» **Directions**: Please retype only the lines below that run from the one containing "Pirate Hat Costume" through the last line, both included, without altering a word.

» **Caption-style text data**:
========
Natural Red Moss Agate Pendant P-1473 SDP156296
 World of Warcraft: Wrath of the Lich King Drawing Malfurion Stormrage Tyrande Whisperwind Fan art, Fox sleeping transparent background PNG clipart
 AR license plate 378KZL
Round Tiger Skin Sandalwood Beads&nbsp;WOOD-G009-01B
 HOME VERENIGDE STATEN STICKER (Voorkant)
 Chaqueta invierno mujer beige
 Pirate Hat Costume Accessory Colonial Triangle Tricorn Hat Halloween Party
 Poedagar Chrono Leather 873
========
» **Finished exercise**:
 Pirate Hat Costume Accessory Colonial Triangle Tricorn Hat Halloween Party
 Poedagar Chrono Leather 873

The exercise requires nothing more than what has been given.